Il mio prossimo libro
8 Febbraio 2019Un libro, un semplice libro racchiude in sé mille fatiche. Allo stesso tempo pubblicare un libro è sempre un’enorme soddisfazione. Avevo rinunciato a pubblicare, nonostante la mole di materiale inedito che conservo. Ci avevo messo un punto, vista la situazione dell’editoria, vista la malafede degli editori, a meno che non si tratti di nomi noti e spesso lontani anni luce da qualsivoglia conoscenza letteraria. Se ti chiami Barbara D’Urso, però… Già, perché l’Italia è anche questo.

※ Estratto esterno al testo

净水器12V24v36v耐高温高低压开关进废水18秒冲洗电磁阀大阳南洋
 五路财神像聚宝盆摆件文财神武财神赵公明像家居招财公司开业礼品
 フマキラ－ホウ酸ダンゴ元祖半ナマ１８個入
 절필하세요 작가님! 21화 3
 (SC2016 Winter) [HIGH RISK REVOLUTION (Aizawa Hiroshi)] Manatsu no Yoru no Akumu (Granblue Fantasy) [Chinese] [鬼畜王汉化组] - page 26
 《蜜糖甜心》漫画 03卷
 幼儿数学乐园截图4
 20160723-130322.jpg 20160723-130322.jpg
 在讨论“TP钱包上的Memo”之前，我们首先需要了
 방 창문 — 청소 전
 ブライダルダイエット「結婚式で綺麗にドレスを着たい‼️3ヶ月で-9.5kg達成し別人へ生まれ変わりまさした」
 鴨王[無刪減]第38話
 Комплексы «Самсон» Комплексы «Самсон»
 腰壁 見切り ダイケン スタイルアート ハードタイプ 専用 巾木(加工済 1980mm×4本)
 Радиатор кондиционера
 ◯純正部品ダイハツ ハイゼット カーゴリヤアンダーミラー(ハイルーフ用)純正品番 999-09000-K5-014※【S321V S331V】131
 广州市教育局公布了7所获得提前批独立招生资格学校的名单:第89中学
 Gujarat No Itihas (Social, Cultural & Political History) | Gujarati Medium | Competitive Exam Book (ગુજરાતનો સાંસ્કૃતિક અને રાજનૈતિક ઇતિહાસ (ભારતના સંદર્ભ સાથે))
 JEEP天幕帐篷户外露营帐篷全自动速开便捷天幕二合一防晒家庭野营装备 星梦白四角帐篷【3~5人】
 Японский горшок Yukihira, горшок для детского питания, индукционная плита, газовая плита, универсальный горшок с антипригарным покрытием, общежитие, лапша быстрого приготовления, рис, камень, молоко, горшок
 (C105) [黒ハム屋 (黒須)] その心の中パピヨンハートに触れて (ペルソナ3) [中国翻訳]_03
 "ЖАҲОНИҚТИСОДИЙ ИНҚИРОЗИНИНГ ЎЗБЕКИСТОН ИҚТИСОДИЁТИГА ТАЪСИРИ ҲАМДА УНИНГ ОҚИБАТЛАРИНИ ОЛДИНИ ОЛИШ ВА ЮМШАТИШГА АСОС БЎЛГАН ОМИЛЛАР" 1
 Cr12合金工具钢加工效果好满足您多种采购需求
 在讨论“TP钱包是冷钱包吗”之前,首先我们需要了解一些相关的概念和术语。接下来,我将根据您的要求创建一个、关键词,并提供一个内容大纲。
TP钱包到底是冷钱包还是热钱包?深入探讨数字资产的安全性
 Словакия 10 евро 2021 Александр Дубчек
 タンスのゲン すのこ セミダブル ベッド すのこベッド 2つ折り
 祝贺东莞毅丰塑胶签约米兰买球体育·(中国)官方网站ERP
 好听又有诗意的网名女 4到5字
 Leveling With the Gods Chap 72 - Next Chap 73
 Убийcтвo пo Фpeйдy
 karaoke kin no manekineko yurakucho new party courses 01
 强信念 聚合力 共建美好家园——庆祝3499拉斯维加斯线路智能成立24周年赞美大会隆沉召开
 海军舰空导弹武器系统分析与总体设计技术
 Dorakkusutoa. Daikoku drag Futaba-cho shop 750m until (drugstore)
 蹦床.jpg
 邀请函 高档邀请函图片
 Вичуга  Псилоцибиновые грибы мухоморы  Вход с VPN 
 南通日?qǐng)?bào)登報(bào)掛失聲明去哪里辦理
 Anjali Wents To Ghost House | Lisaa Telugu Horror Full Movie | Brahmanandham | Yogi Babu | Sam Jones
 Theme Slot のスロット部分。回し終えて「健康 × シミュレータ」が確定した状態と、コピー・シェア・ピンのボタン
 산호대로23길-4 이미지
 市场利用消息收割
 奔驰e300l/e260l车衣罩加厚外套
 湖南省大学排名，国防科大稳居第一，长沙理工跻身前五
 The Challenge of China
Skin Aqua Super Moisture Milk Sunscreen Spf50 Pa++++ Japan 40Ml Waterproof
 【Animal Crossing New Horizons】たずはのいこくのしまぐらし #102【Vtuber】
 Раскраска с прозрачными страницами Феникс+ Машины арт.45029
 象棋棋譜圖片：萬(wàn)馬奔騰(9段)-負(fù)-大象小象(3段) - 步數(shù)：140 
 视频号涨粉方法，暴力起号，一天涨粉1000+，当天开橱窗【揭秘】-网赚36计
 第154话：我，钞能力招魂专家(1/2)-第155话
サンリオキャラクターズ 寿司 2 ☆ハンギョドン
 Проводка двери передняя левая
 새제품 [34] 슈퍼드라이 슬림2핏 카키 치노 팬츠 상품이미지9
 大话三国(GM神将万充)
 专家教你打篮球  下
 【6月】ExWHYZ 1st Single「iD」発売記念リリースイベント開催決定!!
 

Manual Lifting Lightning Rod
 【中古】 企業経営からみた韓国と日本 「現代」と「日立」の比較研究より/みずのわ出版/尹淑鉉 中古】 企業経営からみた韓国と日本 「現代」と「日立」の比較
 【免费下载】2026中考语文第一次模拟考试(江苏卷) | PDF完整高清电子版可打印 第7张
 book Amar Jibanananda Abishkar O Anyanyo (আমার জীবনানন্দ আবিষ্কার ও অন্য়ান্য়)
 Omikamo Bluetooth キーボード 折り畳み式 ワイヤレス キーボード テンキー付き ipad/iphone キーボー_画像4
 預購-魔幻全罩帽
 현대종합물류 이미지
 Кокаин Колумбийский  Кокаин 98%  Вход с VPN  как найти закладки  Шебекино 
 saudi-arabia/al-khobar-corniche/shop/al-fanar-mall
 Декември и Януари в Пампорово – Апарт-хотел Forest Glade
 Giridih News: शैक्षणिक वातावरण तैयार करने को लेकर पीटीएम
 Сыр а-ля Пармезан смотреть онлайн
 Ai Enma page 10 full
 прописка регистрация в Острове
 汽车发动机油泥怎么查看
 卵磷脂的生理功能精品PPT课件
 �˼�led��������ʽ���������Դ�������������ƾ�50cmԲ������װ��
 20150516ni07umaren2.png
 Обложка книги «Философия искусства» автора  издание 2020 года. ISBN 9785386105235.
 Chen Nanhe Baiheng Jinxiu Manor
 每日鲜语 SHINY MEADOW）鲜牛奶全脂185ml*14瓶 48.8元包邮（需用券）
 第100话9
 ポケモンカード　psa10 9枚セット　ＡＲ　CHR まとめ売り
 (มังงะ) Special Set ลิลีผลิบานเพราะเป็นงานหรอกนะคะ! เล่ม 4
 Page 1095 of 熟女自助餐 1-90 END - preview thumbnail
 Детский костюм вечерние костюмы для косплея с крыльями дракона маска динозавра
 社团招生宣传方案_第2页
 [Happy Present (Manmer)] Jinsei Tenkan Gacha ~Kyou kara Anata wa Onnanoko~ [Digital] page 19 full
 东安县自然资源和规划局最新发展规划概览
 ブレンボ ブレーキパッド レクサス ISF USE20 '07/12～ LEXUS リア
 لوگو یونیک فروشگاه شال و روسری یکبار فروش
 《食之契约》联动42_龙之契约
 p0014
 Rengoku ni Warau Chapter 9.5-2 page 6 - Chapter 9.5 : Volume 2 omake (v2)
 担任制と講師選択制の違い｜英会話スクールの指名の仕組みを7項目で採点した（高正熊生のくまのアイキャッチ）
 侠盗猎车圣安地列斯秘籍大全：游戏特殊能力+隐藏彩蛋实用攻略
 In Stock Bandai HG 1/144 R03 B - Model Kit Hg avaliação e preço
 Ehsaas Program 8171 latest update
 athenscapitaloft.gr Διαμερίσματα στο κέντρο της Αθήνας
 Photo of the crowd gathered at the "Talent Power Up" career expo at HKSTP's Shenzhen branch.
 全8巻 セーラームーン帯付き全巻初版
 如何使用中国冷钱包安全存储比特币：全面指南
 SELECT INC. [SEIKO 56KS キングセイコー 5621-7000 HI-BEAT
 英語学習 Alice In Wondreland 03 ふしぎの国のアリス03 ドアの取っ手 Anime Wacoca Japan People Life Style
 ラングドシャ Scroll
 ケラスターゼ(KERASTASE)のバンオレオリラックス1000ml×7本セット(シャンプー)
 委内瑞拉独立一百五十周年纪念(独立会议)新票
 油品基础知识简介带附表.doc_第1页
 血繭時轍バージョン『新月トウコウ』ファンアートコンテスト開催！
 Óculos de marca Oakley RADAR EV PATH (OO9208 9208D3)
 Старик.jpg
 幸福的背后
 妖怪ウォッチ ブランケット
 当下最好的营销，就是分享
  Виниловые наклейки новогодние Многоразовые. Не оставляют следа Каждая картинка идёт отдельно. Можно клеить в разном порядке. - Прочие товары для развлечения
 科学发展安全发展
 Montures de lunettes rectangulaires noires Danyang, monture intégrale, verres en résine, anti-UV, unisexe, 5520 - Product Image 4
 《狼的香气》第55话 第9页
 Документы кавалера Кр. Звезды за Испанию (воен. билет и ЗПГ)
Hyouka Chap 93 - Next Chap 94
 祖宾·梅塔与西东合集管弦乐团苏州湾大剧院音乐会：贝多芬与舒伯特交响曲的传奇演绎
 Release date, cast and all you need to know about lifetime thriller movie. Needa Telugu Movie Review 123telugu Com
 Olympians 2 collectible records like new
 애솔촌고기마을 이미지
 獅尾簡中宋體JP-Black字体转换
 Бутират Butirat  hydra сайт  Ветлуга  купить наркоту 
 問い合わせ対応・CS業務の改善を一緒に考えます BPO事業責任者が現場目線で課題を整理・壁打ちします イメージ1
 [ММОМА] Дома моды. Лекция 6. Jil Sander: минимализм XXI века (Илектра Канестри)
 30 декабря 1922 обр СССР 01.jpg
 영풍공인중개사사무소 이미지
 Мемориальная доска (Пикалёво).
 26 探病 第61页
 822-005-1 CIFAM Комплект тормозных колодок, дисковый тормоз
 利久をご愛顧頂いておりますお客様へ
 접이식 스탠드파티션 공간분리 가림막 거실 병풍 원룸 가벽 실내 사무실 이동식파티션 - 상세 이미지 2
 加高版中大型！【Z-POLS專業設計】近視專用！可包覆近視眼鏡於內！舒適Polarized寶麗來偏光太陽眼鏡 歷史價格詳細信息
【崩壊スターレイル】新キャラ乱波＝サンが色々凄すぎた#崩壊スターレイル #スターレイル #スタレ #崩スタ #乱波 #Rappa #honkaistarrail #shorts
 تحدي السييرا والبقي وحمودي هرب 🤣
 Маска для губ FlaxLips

Ma questo è il Paese che non mi piace e dunque ho deciso di andare avanti. Alla fine, come diceva sempre mio padre, il lavoro duro viene fuori, viene fuori sempre. E mio padre non diceva mai sciocchezze. Dunque, incrocio le dita e vi propongo poche righe della prima storia di questo libro, una raccolta di 36 racconti. Storie di vita, di amore, di tradimenti, gioie, dolori, storie, sostanzialmente, sull’impotenza dell’uomo di fronte all’enormità dell’esistenza.
“Qualcosa di superiore”
36 racconti
di Danila S. Santagata
“Molti la chiamano Dio Misericordioso, altri natura, altri semplicemente destino;
comunque la si voglia definire, essa decide per noi, minuscoli esseri umani”
L’inevitabile
Ciò che deve succedere, succede. Ciò che è stabilito che accada, inevitabilmente, prima o poi, accadrà. Nonostante tutti gli sforzi perché le cose vadano in modo diverso, al di là di ogni preghiera, di ogni supplica, al di là di tutto ciò che è in nostro potere, se in un certo modo deve essere, così sarà.
Sono cresciuto in un paesino della Calabria, di cui in molti ignorano l’esistenza. Si chiama Canolo. L’aria è buona, dolce, fresca anche in agosto, la natura rigogliosa e generosa, con i suoi alberi, i suoi fiorellini che spuntano qua e là senza che nessuno si prenda cura di loro. È un po’ così che sono cresciuto io, in una semplicità che definire povertà sarebbe poco e senza che nessuno, a parte mia madre, quando poteva, si prendesse cura di me. Ho qualche ricordo del prima.
C’è sempre, nella vita delle persone, un prima e un dopo. Il mio prima era avvolto dall’aria angosciante che respiravo in casa, smorzata dalla frescura e dal chiarore del cielo, quando riuscivo ad andare fuori. Casa… Era una specie di capannone, dove il caldo, d’estate, nonostante non si sentisse fuori, rischiava di cuocerci ed il freddo, nei mesi d’inverno, ci paralizzava. Mio padre era un muratore. La sera rientrava, attorno alle sei, affamato e, se mamma non gli metteva immediatamente un piatto in tavola, iniziava ad urlare, sempre attaccato alla sua bottiglia – Questo è vino fatto in casa – mi diceva – assaggialo, non può far male. A me dava fastidio anche l’odore di quel vino e poi non volevo diventare rosso ed iracondo come lui. Mio padre, però, bene non stava. Tossiva continuamente ed aveva una smania perenne, come di chi nella vita non ha combinato nulla e cerca continuamente di rimediare. Parlava strascinando ogni parola, mio padre, anche quando diceva a mia madre “ti ammazzo”, era uno strascinare quasi incomprensibile: tiiiiiii ammazooooooo. Lì per lì non capivo. Compresi solo dopo, con il tempo. Io cercavo di non sentire quelle urla, che mi terrorizzavano. Andavo fuori, sul retro della casa, anche in pieno inverno, con due o tre coperte addosso e leggevo. Non facevo altro che leggere. I libri, li prendevo in prestito alla biblioteca di Locri e non so cosa avrei dato per poterli tenere. Era stato mio nonno materno ad insegnarmi quanto è importante leggere, quante cose si imparano, quanto si può volare alto. – Niente e nessuno – mi diceva – potrà mai farti volare in alto come un libro.